In London, Darnley’s mother was crying out for vengeance on her murdered son, and Margaret Lennox, who had been in the Tower and Queen Elizabeth’s black books for having allegedly schemed to bring about the Scottish match in the first place, was let out of gaol by her sympathetic sovereign. In Edinburgh, increasingly outspoken placards were appearing on the streets, naming Bothwell as the King’s murderer and accusing the Queen of having been his accomplice. Elizabeth, with her own experience after the death of Amy Robsart still fresh in her mind, wrote vehemently to Mary: I should not do the office of a faithful cousin and friend, if I did not urge you to preserve your honour, rather than look through your fingers at revenge on those who have done you “such pleasure” as most people say.’ And from Mary’s friends abroad came anxious appeals to bring her husband’s murderers to justice and clear her own name.
But Mary, having apparently cast all considerations of prudence and even elementary common-sense to the winds, paid no attention to the repeated warnings and remonstrances of her well-wishers. Instead of taking steps to bring Bothwell to justice, she continued to show every sign of pleasure in his comp
any and by May she had married him, a divorced man, according to the rites of the Protestant church. It has been suggested that she was suffering from a complete mental breakdown and that she may have been a victim of porphyria, the mysterious hereditary ailment which afflicted her descendant George III. Certainly this is the most charitable explanation, but her contemporaries could only suppose that the Queen of Scotland had allowed her illicit passion to run away with her. Whatever the real reasons behind Mary’s self-destructive rampage during the first half of 1567, nemesis was not long in catching up with her. If her second marriage had been a tragic mistake, her third was an unmitigated disaster. By June Bothwell had fled for his life and Mary was a prisoner in the hands of her outraged nobility. By July she had been forced to abdicate in favour of her year-old son.
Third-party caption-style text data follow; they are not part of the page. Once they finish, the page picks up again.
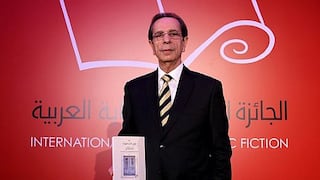 Novelista palestino gana el Premio internacional de ficción árabe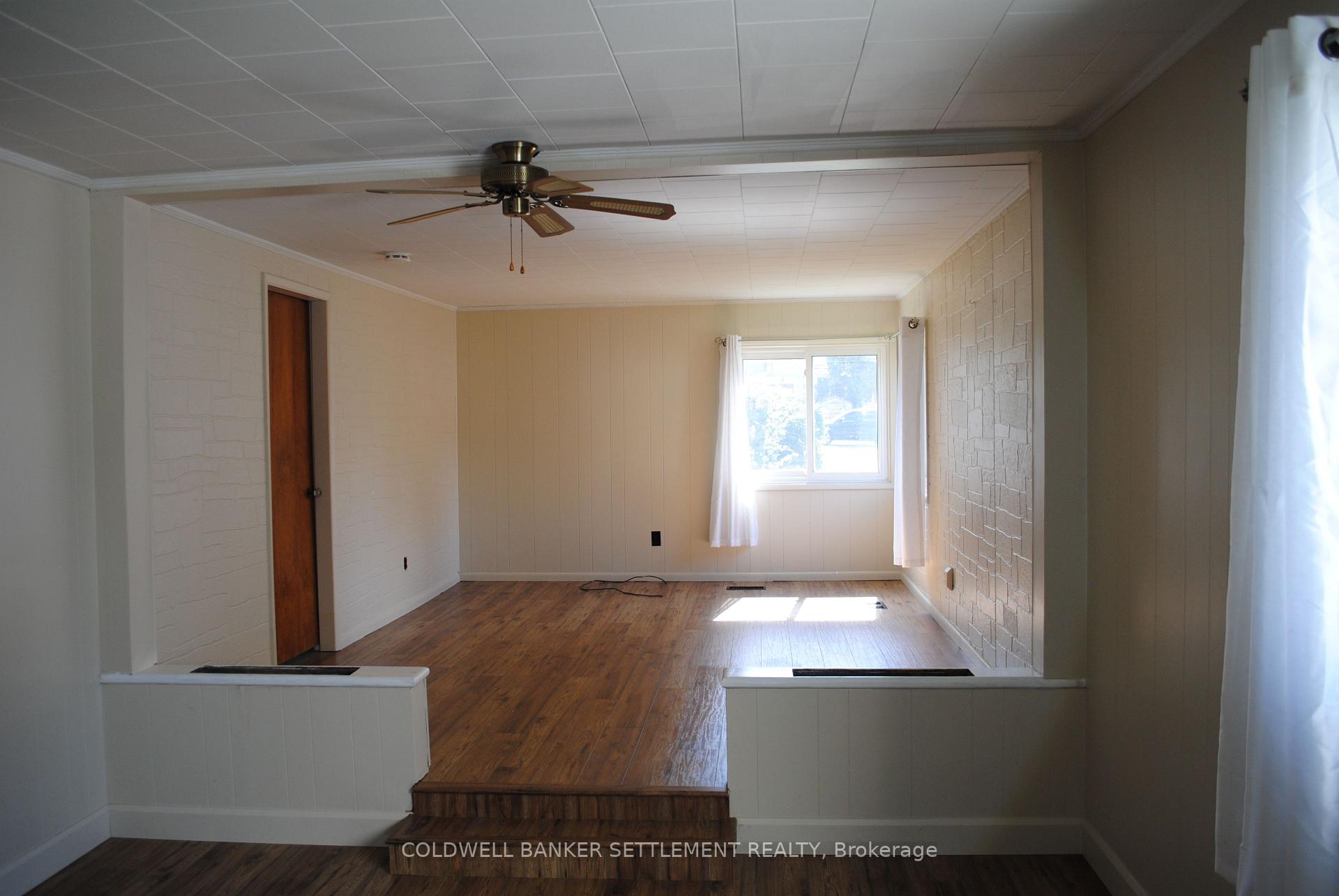 Photo 16 of 48 Pine Street, Smiths Falls, Smiths Falls — HOMEH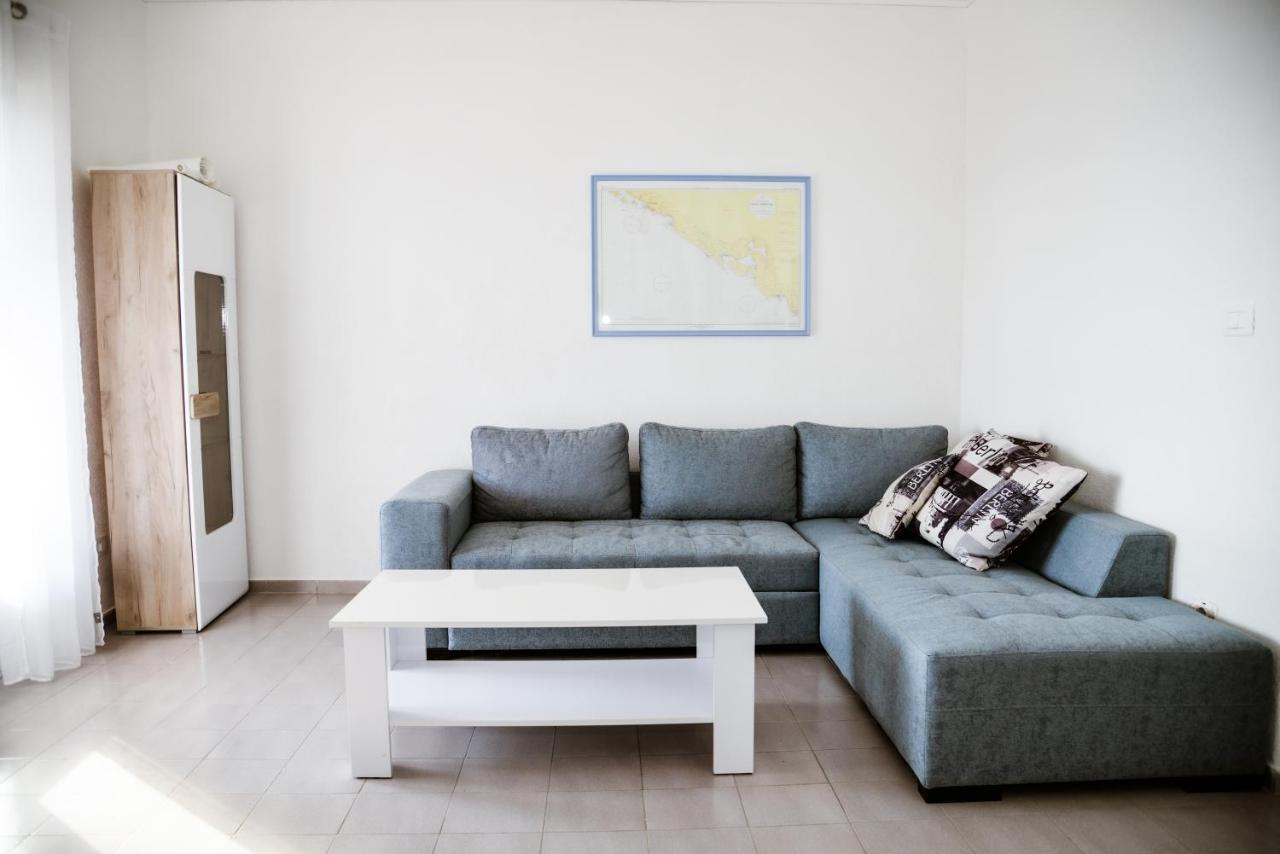 Iker Apartments Тиват Екстериор снимка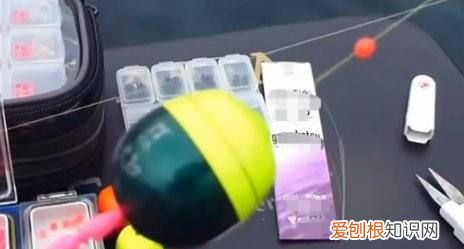 海竿钓鱼怎么用漂，海竿怎样使用浮漂钓鱼视频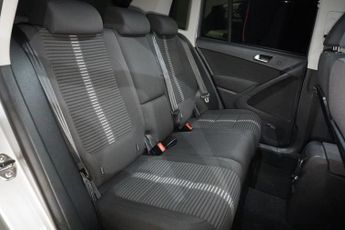 VOLKSWAGEN TIGUAN 2.0 TDI Sport SUV 5dr Diesel Auto 4WD Euro 5 (140 ps)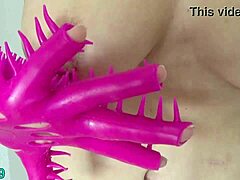 Hei, hvorfor strekker perverse modne MILF fitta med hanske, pumpe, plugg og børste i do?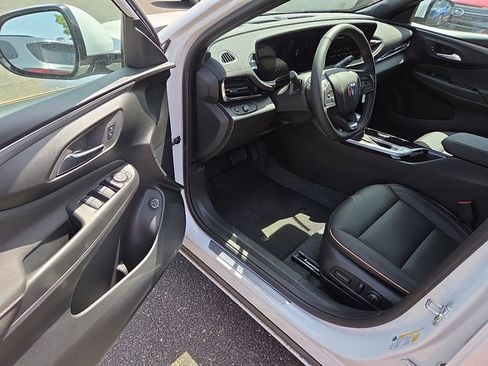 New 2026 Buick Envista Sport Touring FWD image 10
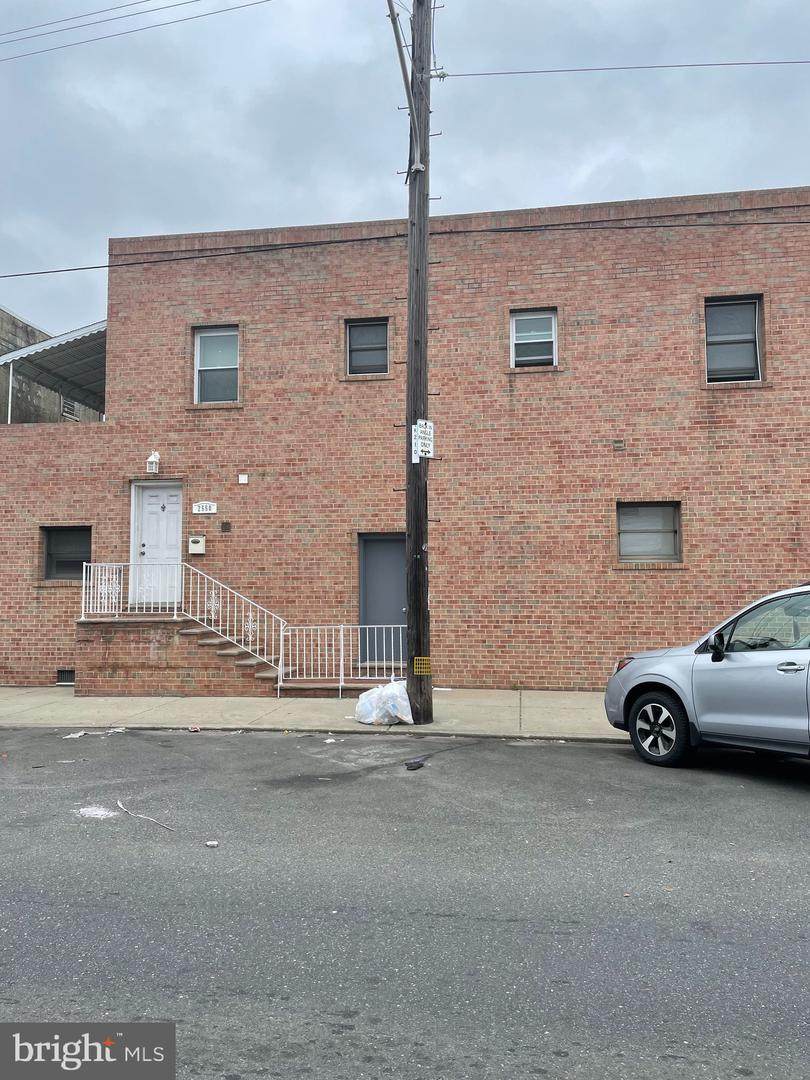 2550 10TH Street - Photo 1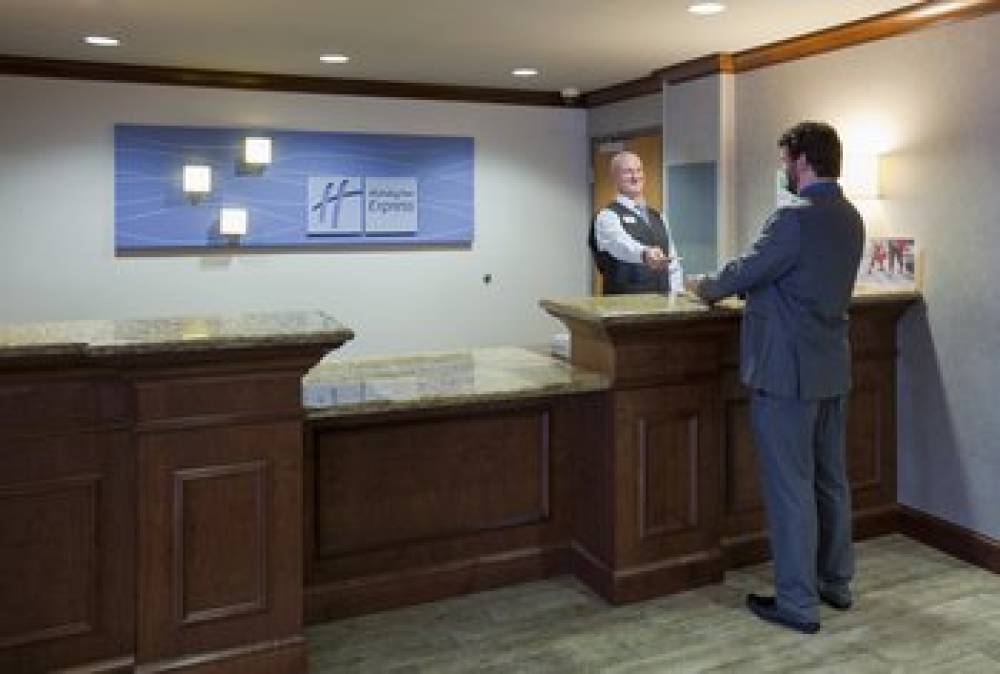HOLIDAY INN EXP STES BLOOMINGTO BY 4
Elizabeth Tudor may not have felt much personal sympathy for the cousin who was making such a spectacular hash of her life, but she held strong views about subjects who, whatever the provocation, insulted, threatened and imprisoned an anointed Queen. She fired volleys of explosive warnings into Scotland about what would happen if the lords took any further action against Mary, and she sent Nicholas Throckmorton north to make the situation crystal clear to the new Scottish government. William Cecil and Throckmorton himself were strongly opposed to this policy. They, and the majority of the Privy Council, were eager to support the Scots lords and were terrified that Elizabeth’s violent hostility would have the effect of driving Scotland once again into the arms of France. But the Queen was not to be deflected and gave Cecil several anxious moments. He told Throckmorton early in August that she had sent for him in great haste and made him ‘a great offensive speech that nothing was thought of for her to do to revenge the Queen of Scots’ imprisonment and deliver her.’ ‘I answered her as warily as I could’, wrote Cecil, ‘but she increased so in anger against these lords that in good earnest she began to devise revenge by war.’